The work of the Task force underlines the importance the United States attaches to its military bases in the Ryukyu Islands. The armed strength deployed at these bases is of the greatest importance in maintaining our deterrent power in the face of threats to the peace in the far East. Our bases in the Ryukyu Islands help us assure our allies in the great arc from Japan through Southeast Asia not only of our willingness but also of our ability to come to their assistance in case of need.
The report of the Task force examines in detail the problem of reconciling the military imperative for continued United States administration with the desires of the Ryukyuan people to assert their identity as Japanese, to obtain the economic and social welfare benefits available in Japan, and to have a greater voice in the management of their own affairs. The report has also considered in the same context the desire of the Japanese people to maintain close contact with their countrymen in the Ryukyus.

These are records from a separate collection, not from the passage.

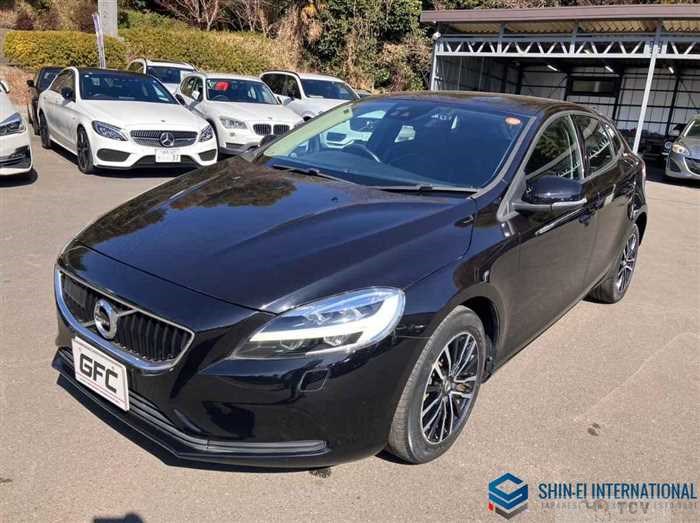2019 Volvo V40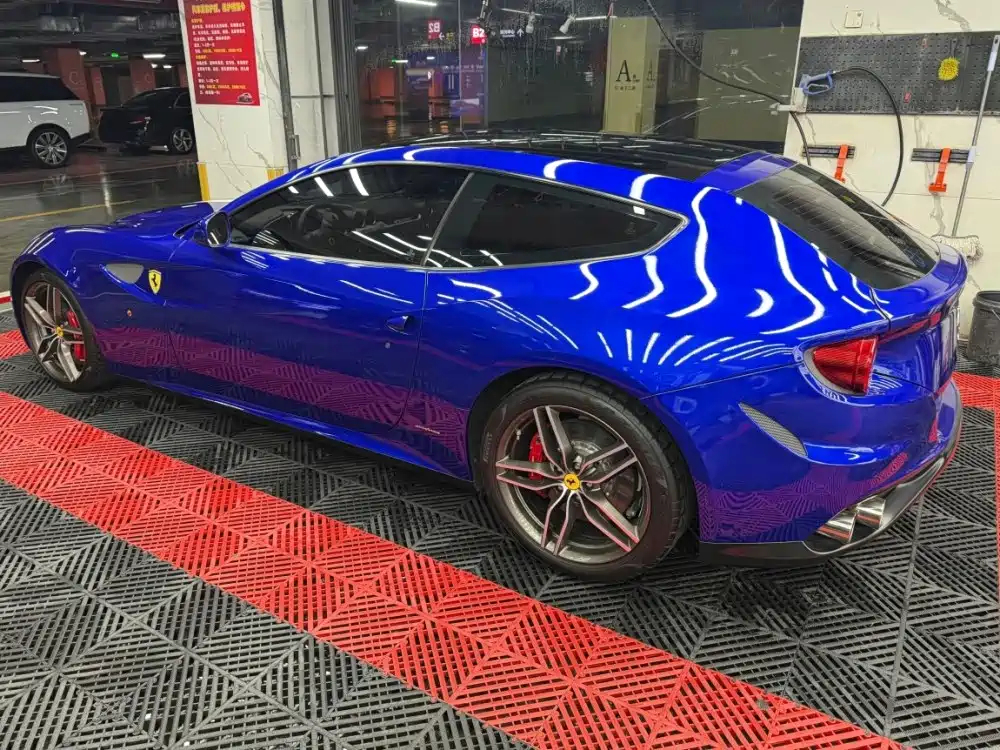Ferrari FF — миниатюра 14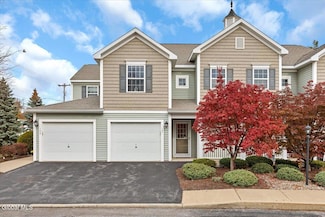 101 Cherry Blossom Ct, Schenectady, NY 12306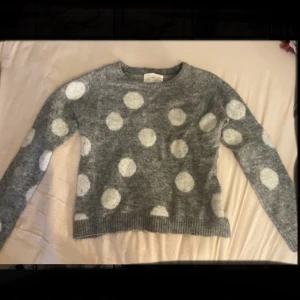 Grå bomulls tröja med vita prickar - Bekväm bomulls tröja, passar perfekt till en lite varmare vinterdag då den är rätt så tunn av sig.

I recognize the Ryukyus to be a part of the Japanese homeland and look forward to the day when the security interests of the free World will permit their restoration to full Japanese sovereignty. In the meantime we face a situation which must be met in a spirit of forbearance and mutual understanding by all concerned. I have directed that a number of specific actions be taken to give expression to this spirit by the United States, to discharge more effectively our responsibilities toward the people of the Ryukyus, and to minimize the stresses that will accompany the anticipated eventual restoration of the Ryukyu Islands to Japanese administration. These actions consist of:
1. Asking the Congress to amend the Price Act (Public Law 86-629) to remove the present $6 million ceiling on assistance to the Ryukyu Islands.
2. Preparing for submission to the Congress plans for the support of new programs in the Ryukyus to raise the level of compensation for Ryukyuan employees of the U.S. Forces and the Government of the Ryukyu Islands and the levels of public health, educational and welfare services so that over a period of years they reach those obtaining in comparable areas in Japan.

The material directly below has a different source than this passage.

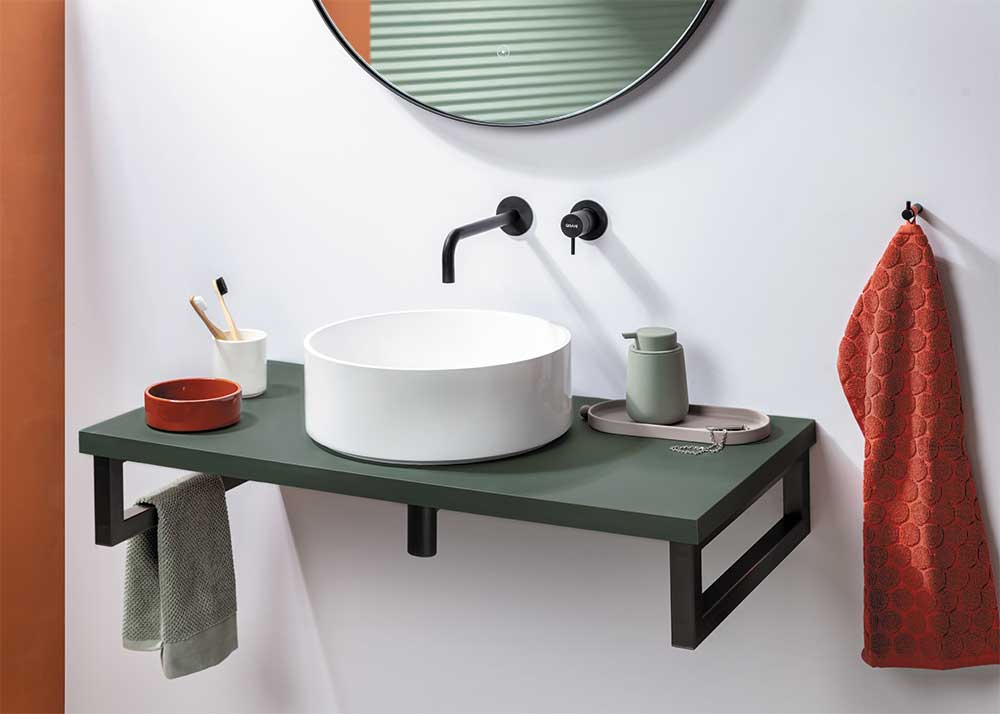 Het wastafelblad Fenix Forest Green heeft een natuurlijke, grijsgroene kleur met een uiterst matte toplaag. De inbouwkraan is van hoogwaardig rvs en afgewerkt in de kleur Zwart, net als de plug en designbeugels. hubs.ly/Q01C2Qfj0

#wastafel
#badkamer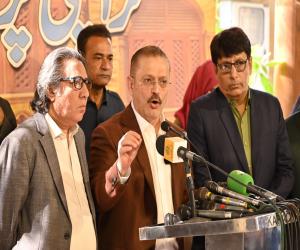 Scooters for Scribes: Sharjeel Memon Unveils New Perks and Modernization Push for Journalists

3. Preparing proposals for the Congress to provide over future years a steady increase in loan funds available for the development of the Ryukyuan economy.
4. Entering into discussions with the Government of Japan with a view to working out precise arrangements to implement a cooperative relationship between the United States and Japan in providing a cooperative relationship between the United States and Japan in providing assistance to promote the welfare and well-being of the inhabitants of the Ryukyu Islands and their economic development, as discussed between Prime Minister Ikeda and myself during his visit to Washington last year.
5. Carrying on a continuous review of governmental functions in the Ryukyu Islands to determine when and under what circumstances additional functions that need not be reserved to the United States as administering authority can be delegated to the Government of the Ryukyu Islands.
6. Carrying on a continuous review of such controls as may be thought to limit unnecessarily the private freedoms of inhabitants of the Ryukyu Islands with a view to eliminating all controls which are not essential to the maintenance of the security of the United States military installations in the Ryukyus or of the islands themselves.
The amendments to Executive Order 10713 are designed to accomplish the following purposes:
1. Provide for nomination of the Chief Executive of the Government of the Ryukyu Islands by the legislature.
2. Restate the veto power of the High Commissioner, to emphasize its restricted purposes.
3. Lengthen the term of the legislature from two to three years.
4. Permit the legislature to alter the number and boundaries of election districts.
5. Provide that the Civil Administrator shall be a civilian.
6. Make certain technical changes in the provisions for criminal jurisdiction over certain Americans in the Ryukyus.